Hito agroindustrial: Argentina exporta soja certificada a Vietnam.
El complejo agroindustrial argentino ha dado un paso fundamental en la consolidación de su perfil exportador hacia los mercados más exigentes del mundo. En una operación que marca un antes y un después para el sector, el país concretó el envío del primer cargamento de harina de soja certificada bajo estándares de agricultura responsable con destino a Vietnam. Este hito no solo representa una transacción comercial exitosa, sino que posiciona a la Argentina como un proveedor confiable de insumos con trazabilidad garantizada, un requisito que se ha vuelto indispensable en el comercio global contemporáneo.
La carga, que fue transportada por el buque MV El Juniper, arribó recientemente al puerto de Phu My, en las cercanías de Ho Chi Minh, para integrarse a la cadena de valor de la nutrición animal vietnamita. Según TN, este envío formaliza el ingreso de oferta certificada de origen sudamericano en uno de los mercados de alimentación animal de mayor crecimiento a nivel mundial. La operación cobra relevancia dado que Vietnam es un polo dinámico para los sectores avícola y acuícola, los cuales demandan materias primas que cumplan con estrictos criterios ambientales y sociales para sostener sus propias exportaciones de proteína.
Sustentabilidad y trazabilidad como ejes estratégicos
En esta histórica operación intervino la firma COFCO International, logrando así su primer embarque de harina de soja argentina verificada bajo su Estándar de Agricultura Responsable. Este protocolo, específicamente el Módulo 2, es riguroso: exige auditorías presenciales de tercera parte en cada establecimiento productivo. El objetivo central es asegurar que la mercadería provenga de áreas libres de deforestación y sin conversión de ecosistemas nativos, tomando como fecha de corte diciembre de 2020.
Este nivel de detalle en la trazabilidad dejó de ser un simple valor agregado para transformarse en una condición de acceso a los mercados. Para la cadena sojera nacional, este embarque es una prueba de concepto exitosa que permite diferenciar el producto argentino frente a competidores globales. Al garantizar que el grano fue producido bajo normas verificables, Argentina facilita que los fabricantes de alimentos balanceados en Asia cumplan con las exigencias regulatorias y corporativas de sus clientes internacionales.
El futuro del mercado asiático para el agro argentino
La consolidación de este vínculo con el Sudeste Asiático no es casual. Vietnam, junto a destinos como China, Tailandia y Bangladesh, se ha convertido en un consumidor voraz de harinas proteicas. La expansión de su industria de nutrición animal requiere volúmenes masivos, pero la tendencia global indica que ya no basta con la cantidad; la calidad ambiental es el nuevo estándar de oro. El éxito de este primer envío abre la puerta a contratos de mayor escala y a un financiamiento más accesible vinculado a metas de sostenibilidad.
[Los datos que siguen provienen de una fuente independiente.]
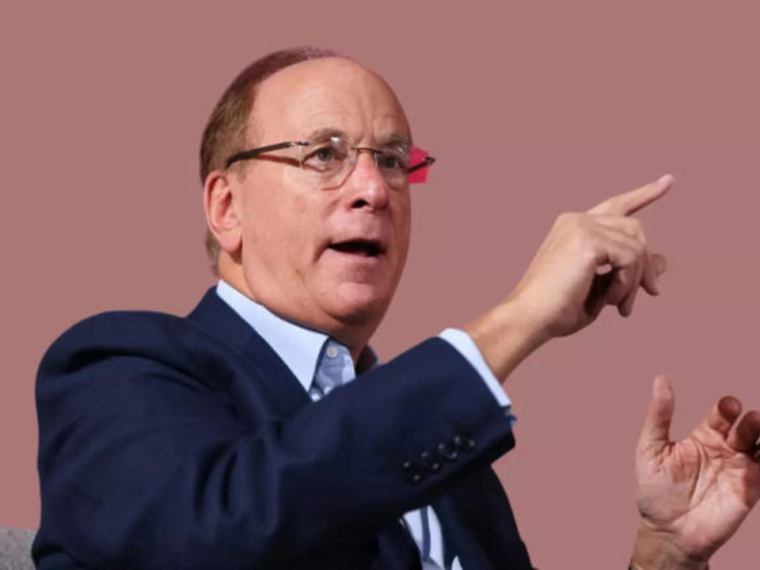 BlackRock Larry Fink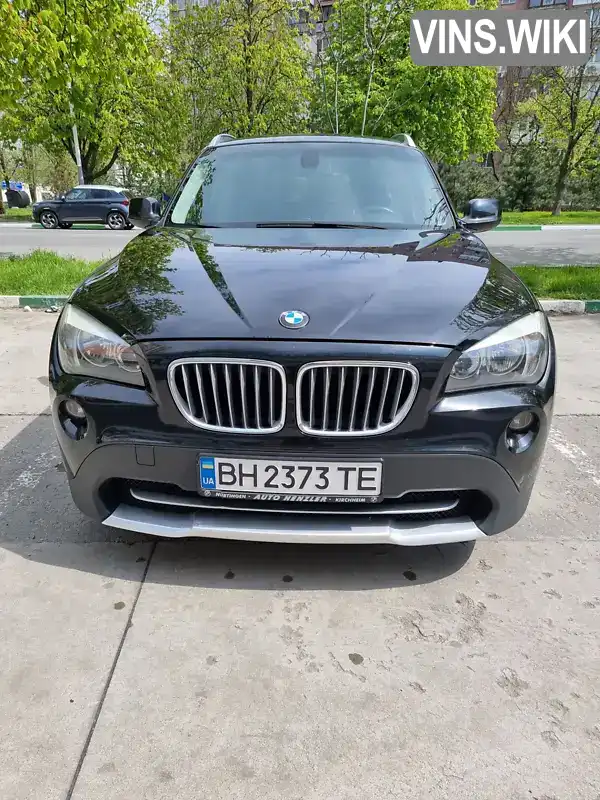 BMW X1 2010, фото з оголошення 2 з 21, VIN WBAVP51060VP38933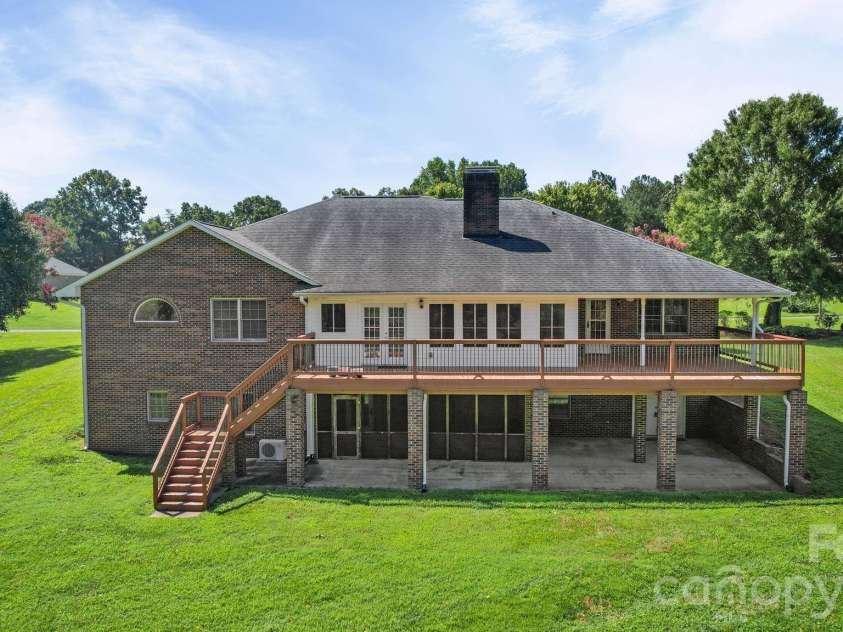 3008 Eaker Drive, Cherryville, NC 28021.  MLS# CAR4410929, YatesRealty ID 46228.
La proyección para los próximos años es clara: ampliar el abastecimiento de soja certificada hacia toda la región asiática. En un escenario donde la presión regulatoria internacional —especialmente la proveniente de la Unión Europea y las nuevas normativas de importación— se vuelve cada vez más estricta, la capacidad de Argentina para auditar y certificar su producción agrícola será el factor determinante para sostener y expandir su liderazgo en el mercado de commodities. La trazabilidad, en definitiva, es hoy la herramienta estratégica que define la competitividad del campo argentino.